En este sentido es lógico afirmar que la resurrección de Jesús es un hecho histórico, pues
sucedió realmente y nos es transmitida por testigos fiables. Ciertamente es un hecho histórico
único —sin que tenga otro igual—, trasmitido por unos testigos que pueden dar testimonio
porque han visto, no el hecho de la resurrección, sino al Resucitado. Pero su testimonio es
válido [170], y la existencia de ese testimonio así como el hallazgo de la tumba vacía sí son
comprobables con la comprobación propia de los sucesos pasados, es decir, con la aportación
de documentos. Pero de igual forma que los testigos, al ver al resucitado necesitaron la fe para
aceptada plenamente, nosotros necesitamos la fe para aceptar su testimonio, que nos llega en
la vida y predicación de la Iglesia.
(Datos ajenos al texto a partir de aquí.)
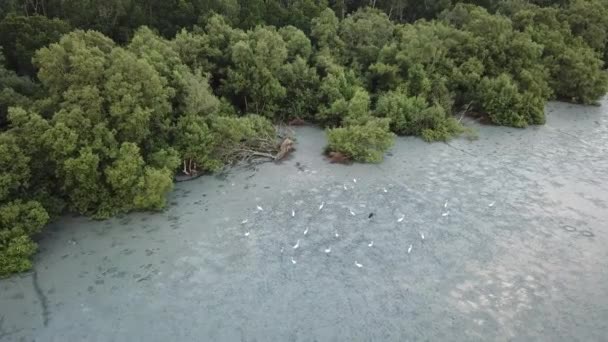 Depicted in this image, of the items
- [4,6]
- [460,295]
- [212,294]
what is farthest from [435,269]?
[4,6]

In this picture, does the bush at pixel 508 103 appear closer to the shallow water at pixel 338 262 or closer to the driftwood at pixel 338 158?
the shallow water at pixel 338 262

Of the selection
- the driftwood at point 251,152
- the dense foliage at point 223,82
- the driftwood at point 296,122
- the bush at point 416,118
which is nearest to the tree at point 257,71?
the dense foliage at point 223,82

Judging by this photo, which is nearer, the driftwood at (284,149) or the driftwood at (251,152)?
the driftwood at (251,152)

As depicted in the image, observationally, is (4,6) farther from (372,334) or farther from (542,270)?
(542,270)

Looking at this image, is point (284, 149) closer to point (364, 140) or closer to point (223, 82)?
point (364, 140)

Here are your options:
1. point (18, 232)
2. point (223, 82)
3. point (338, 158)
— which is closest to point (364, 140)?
point (338, 158)

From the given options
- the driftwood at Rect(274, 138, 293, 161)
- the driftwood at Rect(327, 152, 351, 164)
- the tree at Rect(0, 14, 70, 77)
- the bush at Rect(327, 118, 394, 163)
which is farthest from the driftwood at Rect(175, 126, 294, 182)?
the tree at Rect(0, 14, 70, 77) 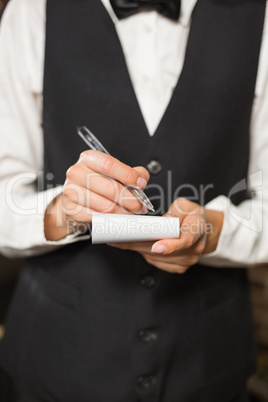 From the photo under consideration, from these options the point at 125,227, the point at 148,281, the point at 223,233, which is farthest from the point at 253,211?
the point at 125,227

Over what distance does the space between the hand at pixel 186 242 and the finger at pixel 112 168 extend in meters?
0.06

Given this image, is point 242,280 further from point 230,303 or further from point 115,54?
point 115,54

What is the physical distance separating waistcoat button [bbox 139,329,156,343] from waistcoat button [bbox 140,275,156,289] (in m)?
0.07

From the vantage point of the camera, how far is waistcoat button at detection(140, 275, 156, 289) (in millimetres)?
578

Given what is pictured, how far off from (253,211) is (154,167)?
0.17 m

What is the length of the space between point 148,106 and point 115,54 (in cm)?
9

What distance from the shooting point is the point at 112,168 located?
1.29 feet

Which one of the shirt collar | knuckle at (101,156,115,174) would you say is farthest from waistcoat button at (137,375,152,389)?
the shirt collar

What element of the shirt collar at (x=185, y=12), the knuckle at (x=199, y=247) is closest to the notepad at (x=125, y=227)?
the knuckle at (x=199, y=247)

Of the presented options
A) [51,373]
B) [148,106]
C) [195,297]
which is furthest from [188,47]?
[51,373]

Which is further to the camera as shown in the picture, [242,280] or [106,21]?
[242,280]

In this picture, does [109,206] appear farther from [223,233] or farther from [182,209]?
[223,233]

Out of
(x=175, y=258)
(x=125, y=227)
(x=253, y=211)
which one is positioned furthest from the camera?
(x=253, y=211)

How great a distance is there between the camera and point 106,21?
1.82ft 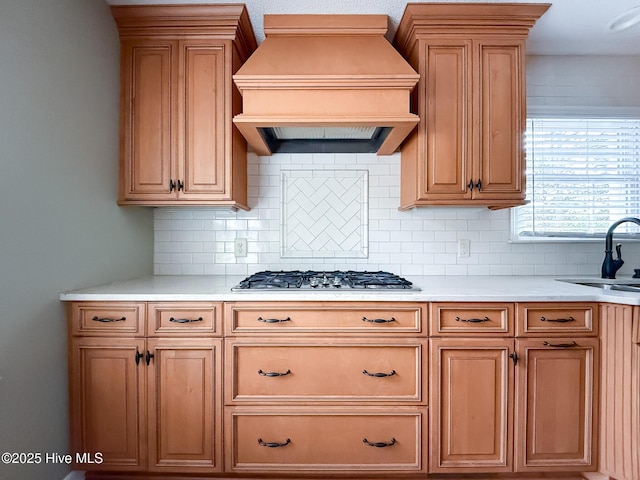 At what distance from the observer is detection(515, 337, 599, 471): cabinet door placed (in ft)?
5.40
En cierto sentido, también hoy la fe cristiana debe producir
escándalo a todo pensamiento cerrado a lo sobrenatural, encerrado en el poder de la ciencia,
pues lo que proclama la Iglesia es que Jesús ha resucitado, y basa su afirmación, no en
razones científicas, ni en el parecer de sabios, sino en el testimonio de los Apóstoles, es decir,
en el testimonio de unos pescadores.

Se trata de un testimonio que da pie a llamar histórico a este acontecimiento, en el sentido de


que existen suficientes signos como para poder afirmar que verdaderamente sucedió [171]. De
ahí que algunos autores prefieran decir de la resurrección de Jesús que es un acontecimiento
histórico en cierta forma, pues aunque, al resucitar, el cuerpo de Jesús se transformó en un
cuerpo de gloria (Fil 3,21), «se manifestó en diferentes efectos y señales» [172], Y proponen
que, si se decide entender como acontecimientos históricos sólo aquellos que son
comprobables por la investigación crítica histórica, entonces se designe a la resurrección de
Jesús con un acontecimiento indirectamente histórico, dadas las señales históricas en que se
manifiesta [173].

Otros autores, con los que coincidimos, prefieren denominar histórico al acontecimiento de la
resurrección del Señor [174]. En cualquier caso, está clara la importancia de este
acontecimiento para la fe cristiana. San Pablo lo expresa con palabras fuertes: Si Cristo no ha
resucitado, vana es nuestra predicación, vana es también nuestra fe. Seremos falsos
testigos de Dios, porque contra Dios testificamos que ha resucitado a Cristo... y si sólo
mirando a esta vida tenemos la esperanza puesta en Cristo, somos los más miserables
de todos los hombres (1 Cor 15,14.18). Así pues, quien acepte la doctrina cristiana, no puede
deshistorizar la resurrección del Señor, entendiéndola en forma doceta, es decir, privándola de
su realidad fáctica. La insistencia con que los Padres repiten que Jesús resucitó
verdaderamente es paralela a su insistencia en que nació verdaderamente de María Virgen, y
murió verdaderamente [175], y es testimonio también de la importancia que para la fe cristiana
tienen la realidad del cuerpo de Cristo y los hechos de su vida. El repetido uso del adverbio
verdaderamente es un intencionado rechazo del docetismo, también de una concepción doceta
de los acontecimientos de la vida de Jesús, que, p.e., a la hora de hablar de la resurrección de
Jesús la redujese a mera pervivencia como es el caso de los gnósticos del siglo II, o a un
acontecimiento que tiene lugar exclusivamente en la fe de los Apóstoles [176], de modo que
sea posible desmitologizarlo, eliminando su carácter de acontecimiento real, independiente y
previo a la fe de los Apóstoles.

En conclusión, «podemos ver en la resurrección ante todo un hecho histórico. En efecto, se ha


realizado en un marco preciso de tiempo Y espacio (...). Pero, aun siendo un evento
cronológica Y espacialmente determinable, la resurrección trasciende y está por encima de la
historia» [177].

La Resurrección del Señor es, pues, un acontecimiento real que trasciende la historia, pero que
«tuvo manifestaciones históricamente comprobadas como atestigua el Nuevo Testamento»
[178]. Se trata de unos testimonios que hacen «imposible interpretar la Resurrección de Cristo
fuera del orden físico, y no reconocerlo como un hecho histórico» [179]. Y al mismo tiempo,
este «acontecimiento histórico, demostrable por la señal del sepulcro vacío y por la realidad de
los encuentros de los apóstoles con Cristo resucitado», pertenece «al centro del Misterio de la
fe en aquello que trasciende y sobrepasa la historia» [180].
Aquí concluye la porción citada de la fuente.